Copy exactly, and only, the lines from the one with "Emerald Hexagon Engagement Ring" to the end of the listing; omit pictures.

■ EXERCISE INPUT:
● ● ●

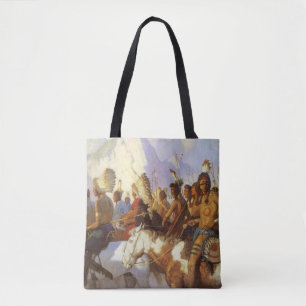 Vintage Western Art, Indian War Party by NC Wyeth Tote Bag
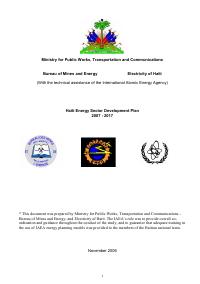 (2007-2017) Haiti Energy Sector Development Plan 2007-2017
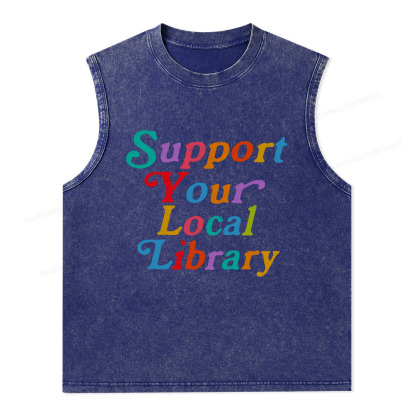 Pagewings Support Your Local Library  Unisex Washed Tank Top
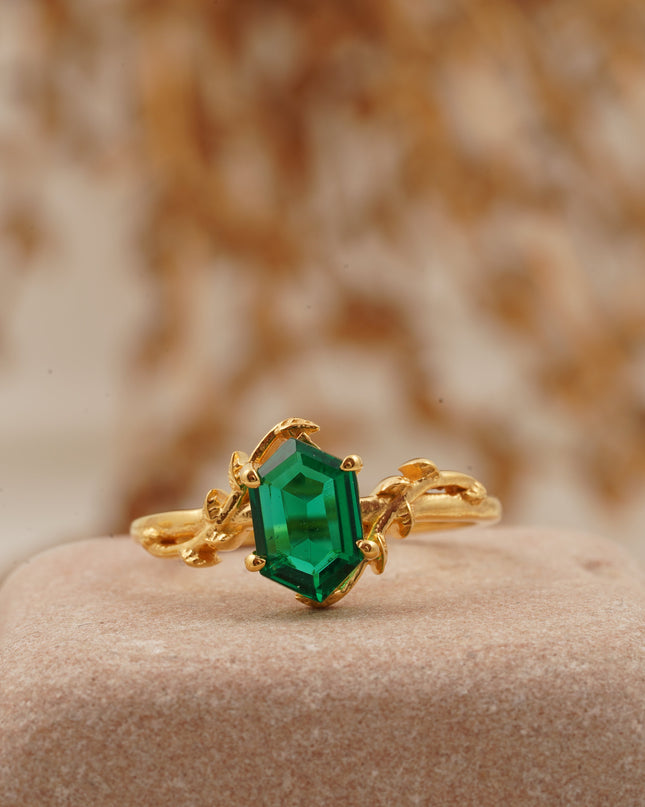 Emerald Hexagon Engagement Ring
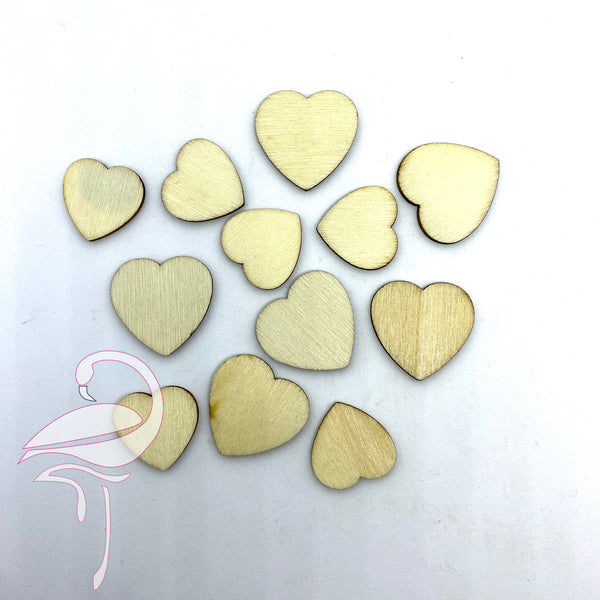 Wooden Love Hearts 2 Sizes x 12pcs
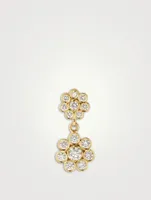 Bellis Deux 18K Gold Diamond Flower Drop Earring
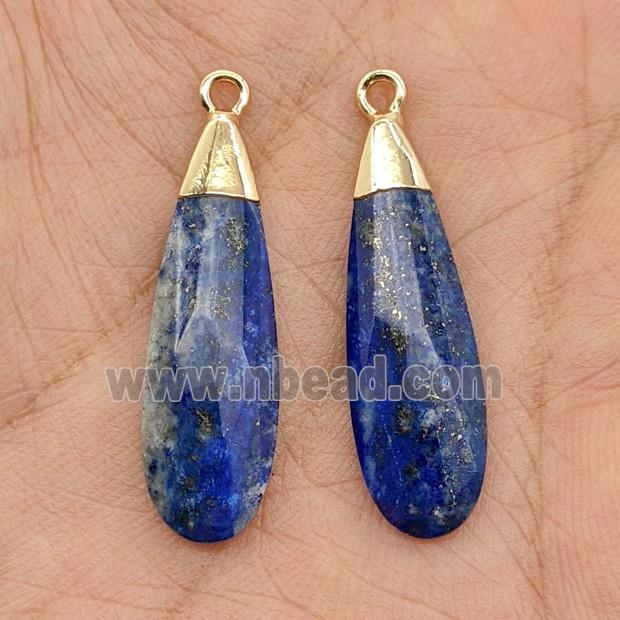 Natural Blue Lapis Lazuli Teardrop Pendant Faceted Gold Plated
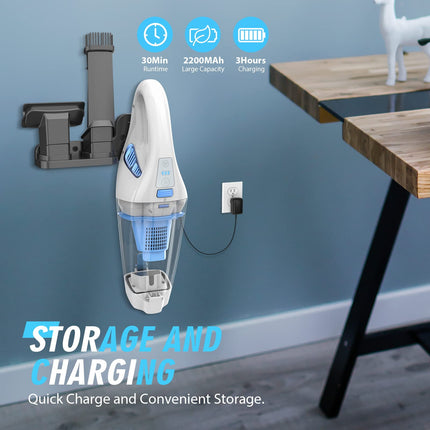 Handheld Vacuum Cordless, Mini Car Hand Held Vacuum With Powerful Suction, Portable Hand Vacuum Rechargeable With Led Light For Pet Hair Keyboard Dust Office And Home Cleaning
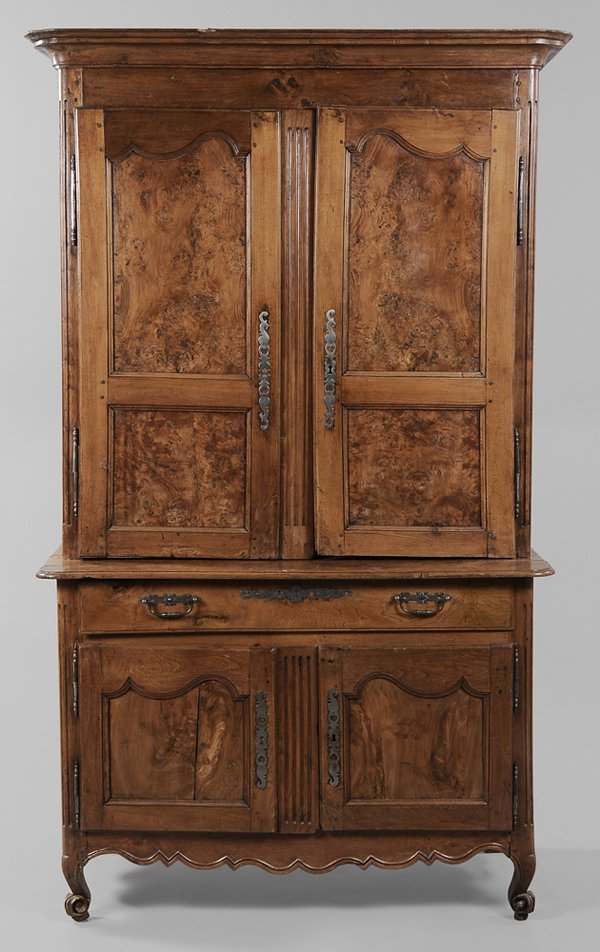 Provincial Louis XV Burlwood Cabinet: French, 18th/19th century, paneled doors with highly figured burlwood veneers, steel escutcheons, drawer pulls and hinges, scrolled feet, removable pediment, 93-1/2 x 57 x 21 in.,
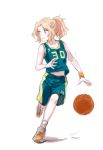  1girl alternate_costume bare_arms basketball basketball_uniform blonde_hair dribbling girls_und_panzer green_eyes kay_(girls_und_panzer) looking_to_the_side midriff motion_lines navel ponytail shoes sketch smile sneakers solo soramame_(corndog) sportswear white_background wristband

● ● ●

■ ANSWER SPACE:
 Emerald Hexagon Engagement Ring
 Wooden Love Hearts 2 Sizes x 12pcs
 Bellis Deux 18K Gold Diamond Flower Drop Earring
 Natural Blue Lapis Lazuli Teardrop Pendant Faceted Gold Plated
 Handheld Vacuum Cordless, Mini Car Hand Held Vacuum With Powerful Suction, Portable Hand Vacuum Rechargeable With Led Light For Pet Hair Keyboard Dust Office And Home Cleaning
 Provincial Louis XV Burlwood Cabinet: French, 18th/19th century, paneled doors with highly figured burlwood veneers, steel escutcheons, drawer pulls and hinges, scrolled feet, removable pediment, 93-1/2 x 57 x 21 in.,
  1girl alternate_costume bare_arms basketball basketball_uniform blonde_hair dribbling girls_und_panzer green_eyes kay_(girls_und_panzer) looking_to_the_side midriff motion_lines navel ponytail shoes sketch smile sneakers solo soramame_(corndog) sportswear white_background wristband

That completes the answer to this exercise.